When Dr Moncrieff suggested Endocrinology tests I had them done privately which proved a faulty endocrine system, insulin resistant –  if a faulty endocrine system then the entire pituitary glands can be affected.  None of this was done at the Bethlem from what I can see yet Metformine was prescribed off label and Bisoprolol given to counteract tachcycardia contracted during titration of clozapine.


The above is why I cannot accept Elizabeth’s mental health condition because I have had extensive tests done which point to a physical health condition and full hormone tests were recommended to be done at a previous Tribunal.    This takes more than a blood test.   This needs referral to an expert on hormones


Real menopause experts would recognize menopause as a disease

Not one of these doctors showed an understanding of basic human physiology. Menopause happens because of organ failure not because the human body ever loses its need for its hormones. A person’s body works the same way at the age of 105 as it does at the age of 25. Our DNA and what fuels it (hormones, vitamins, and minerals) never changes. This means your body needs the same thing at 105 as it does at 25 to stay healthy.
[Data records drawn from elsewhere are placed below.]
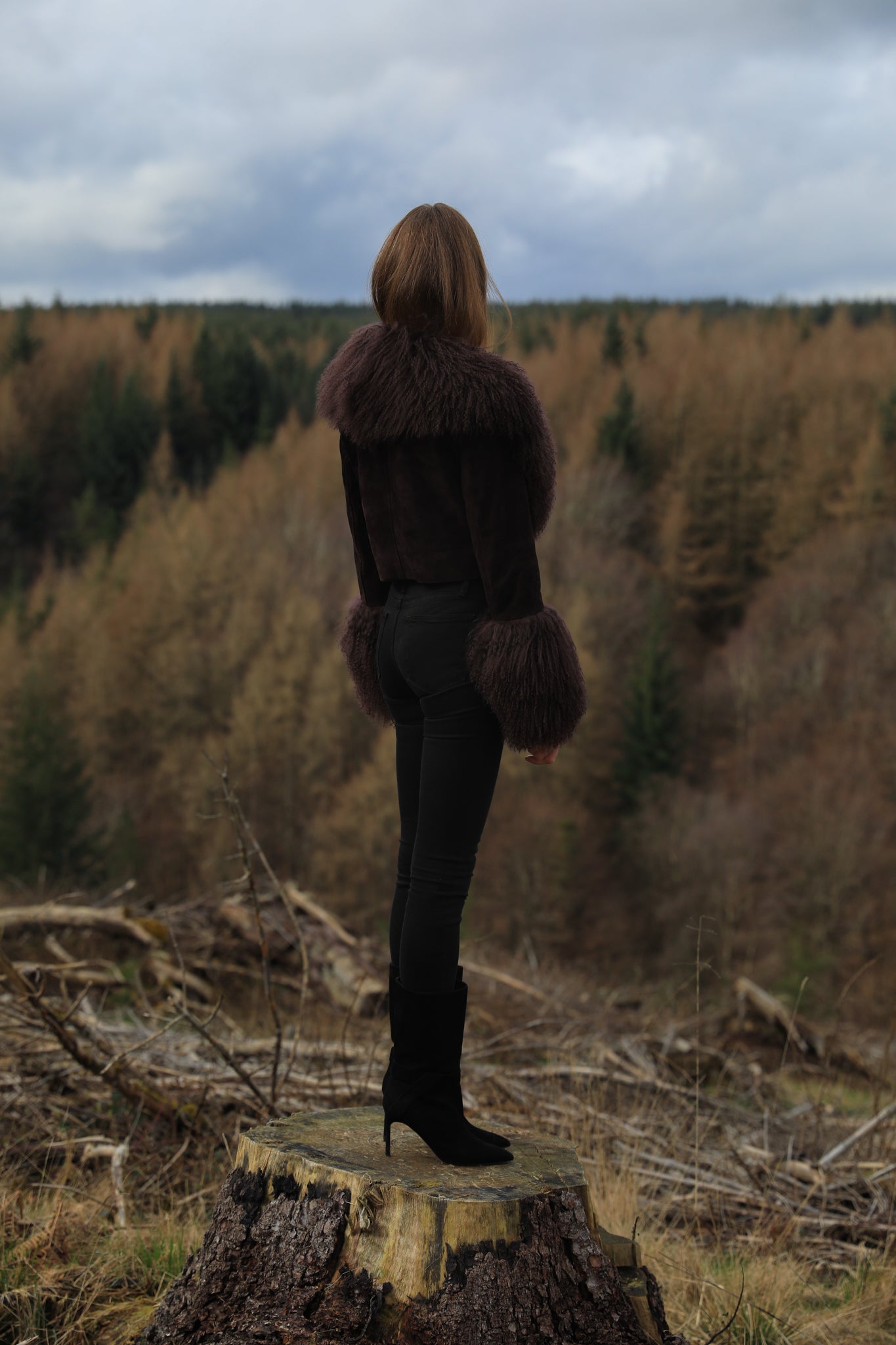 A cocoa genuine suede cropped jacket coat with a luxurious Mongolian collar and cuffs, exuding elegance and warmth. From Josephine Jones' exquisite collection of outerwear.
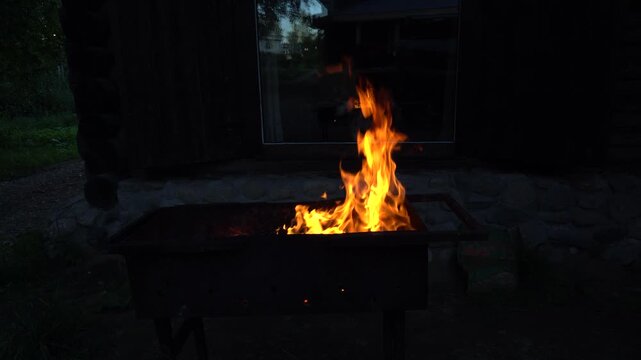 Burning fire in a traditional metal mangal grill outdoors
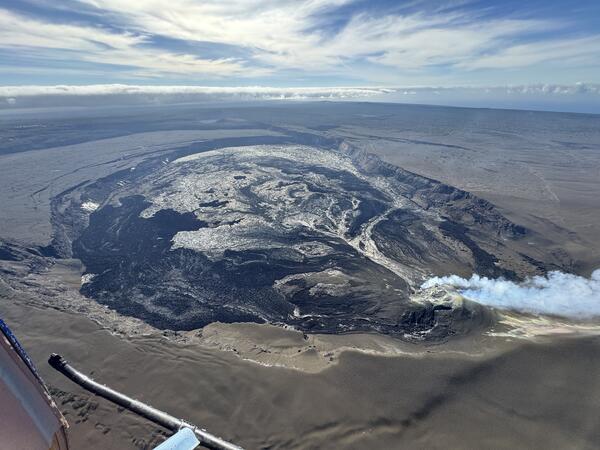 Color photograph of caldera at summit of volcano with gas plume from eruptive vents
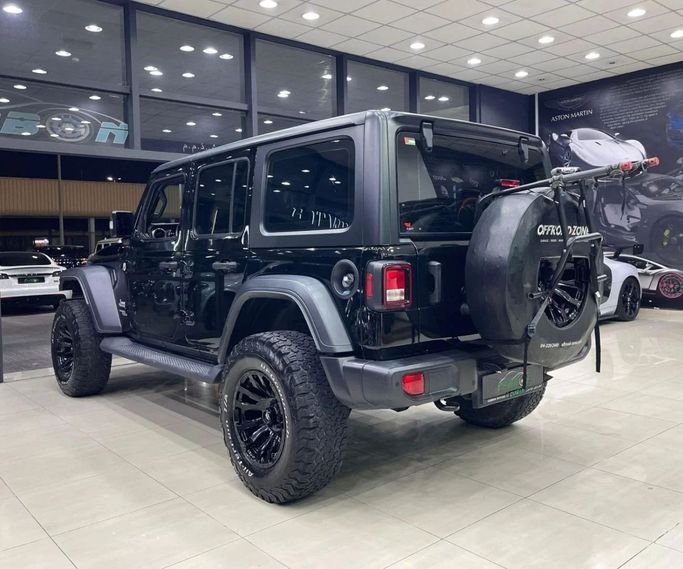 Подержанный Jeep Wrangler IV (JL), 3.6 л, 2021 в Дубае от Carbon Cars Черный цвет. GCC | AUTO.AE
This means treatment should be lifelong.

What such treatment entails would need careful consideration but I have just now contacted a private clinic who are more than happy to help with any tests that the NHS may have omitted and I need to find out about these blood tests and what have been done so far.    I am awaiting a call from the GP at Carlton House Surgery in this respect.

There is no way I can accept a mental health diagnosis when it is clear the condition is  physical and I have taken top advice on this.   How many more people under the NHS are stuck under secondary care with a mental health label and told to take psychiatric drugs for the rest of their life when in fact they have an underlying physical condition and I have proven it.  Now I want the right treatment for Elizabeth in the circumstances especially when a previous tribunal panel recommended this some time ago and nothing has been done.

In light of Covid 19 it is all the more important to review and assess properly psychiatric patients for any underlying physical health conditions urgently.